Here's an example that assumes that your users are all under ou=users,dc=example,dc=com and have a uid property that is their user name:
server = "my-ldap-server.example.com"
identity = "uid=my-bind-user,ou=service-users,dc=example,dc=com"
password = "abc123"
basedn = "ou=users,dc=example,dc=com"
filter = "(uid=%{%{Stripped-User-Name}:-%{User-Name}})"

Remember, filter can be any LDAP filter, so if there were a property that you also wanted to check (such as isAllowedToDoRadius or something), then you could check for that, as well.  For example:
filter = "(&(uid=%{%{Stripped-User-Name}:-%{User-Name}})(isAllowedToDoRadius=yes))"

Filtering by group

So, that'll let any LDAP user authenticate with Radius.  Maybe you want that, maybe you don't.  In my case, I have a whole bunch of users, but I only want a small subset to be able to VPN in using SoftEther.  I added those users to the "vpn-users" group in LDAP.

Note that there are two general grouping strategies in LDAP:
  1. Groups-have-users; in this strategy, the group entity lists the users within the group.  This is the default OpenLDAP strategy.
  2. Users-have-groups; in this strategy, the user entity lists the groups that it belongs to.
If you want to have freeRADIUS respect your groups, you'll need to set the following in /etc/freeradius/modules/ldap:
  1. groupname_attribute = cn (which turns on tracking groups); and
  2. One of these two options, which each correspond to one of the LDAP grouping strategies:
    1. groupmembership_filter; this is an LDAP filter to use to query for all of the groups that the user belongs to.
    2. groupmembership_attribute; this is the property on the user entity that lists the groups that the user belongs to.
If your groups have users, this might look like:
groupname_attribute = cn
groupmembership_filter = "(&(objectClass=posixGroup)(memberUid=%{%{Stripped-User-Name}:-%{User-Name}}))"

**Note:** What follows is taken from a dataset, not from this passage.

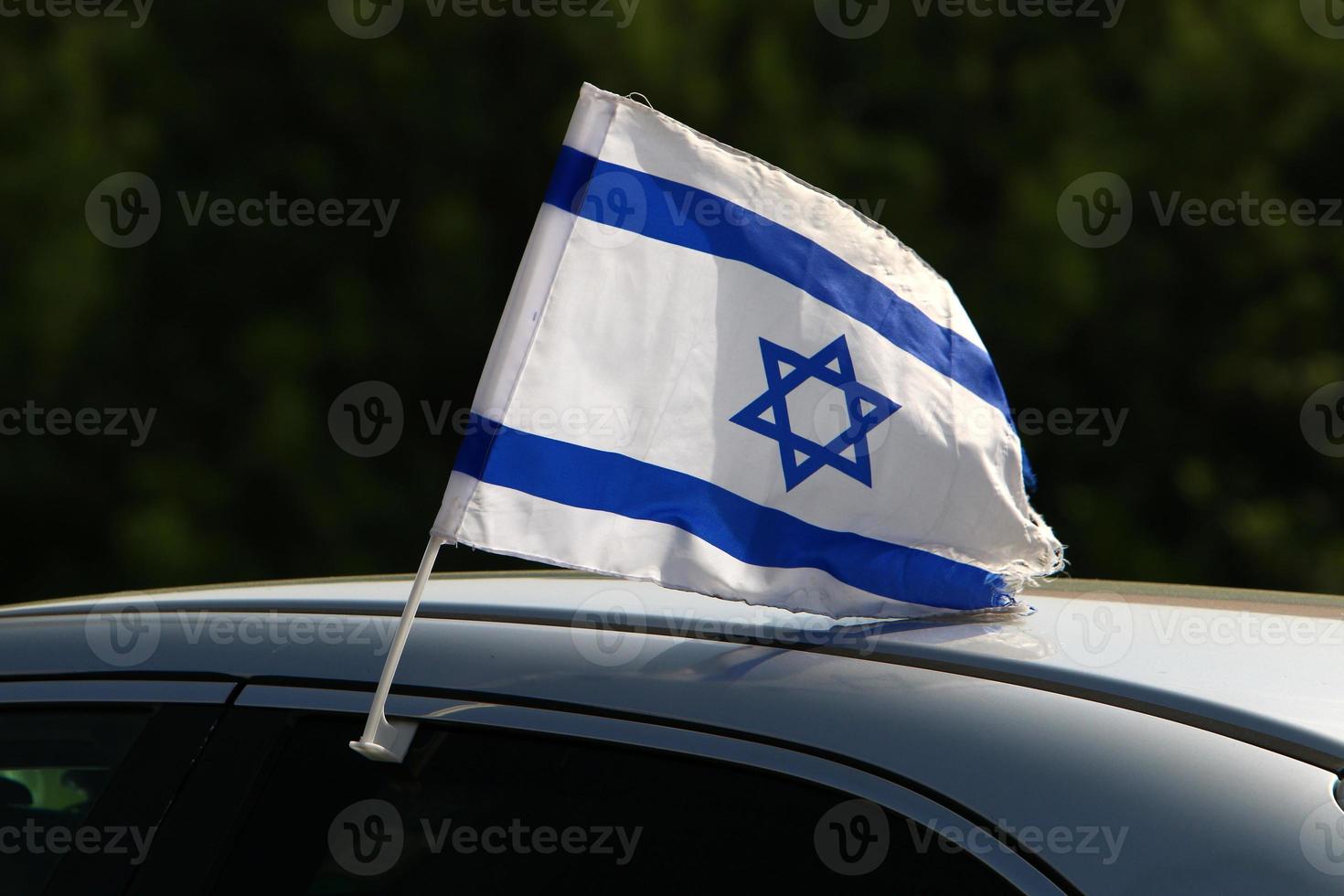 The blue and white flag of Israel with the six-pointed Star of David. photo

If your users have groups, this might look like:
groupname_attribute = cn
groupmembership_attribute = groupName

With that set up, freeRADIUS will now know which groups the user belongs to, but it won't do anything with them.

The last step is to set up some group rules in /etc/freeradius/users.  There will probably be a few entries in that file already, but by default, none of them will be LDAP-related.  So, at the very bottom, add the LDAP group rules.

The simplest grouping rules will look like this:
DEFAULT LDAP-Group == "your-group-name-here"
DEFAULT Auth-Type := Reject
  Reply-Message = "Sorry, you're not part of an authorized group."

This generally means: you have to a member of "your-group-name-here" or else you'll be rejected (and here's the message to send you).

In my case, my group is "vpn-users", so it looks like this:
DEFAULT LDAP-Group == "vpn-users"
DEFAULT Auth-Type := Reject
  Reply-Message = "Sorry, you're not part of an authorized group."

Once that's done, restart freeradius and you'll be good to go.
sudo systemctl restart freeradius

To test to see if it worked, you can run the radtest command:
radtest -x ${username} ${password} ${address} ${port} ${secret}

For example, in our case, this might look like:
radtest -x some-user abc123 my-radius-server.example.com 1812 the-gold-is-under-the-bridge

On success, you'll see something like:
rad_recv: Access-Accept packet

On failure, you'll see something like:
rad_recv: Access-Reject packet

Hopefully this helped a bit; I struggle every time I need to do anything with LDAP or Radius.  It's always really hard to find the documentation for what I'm looking for.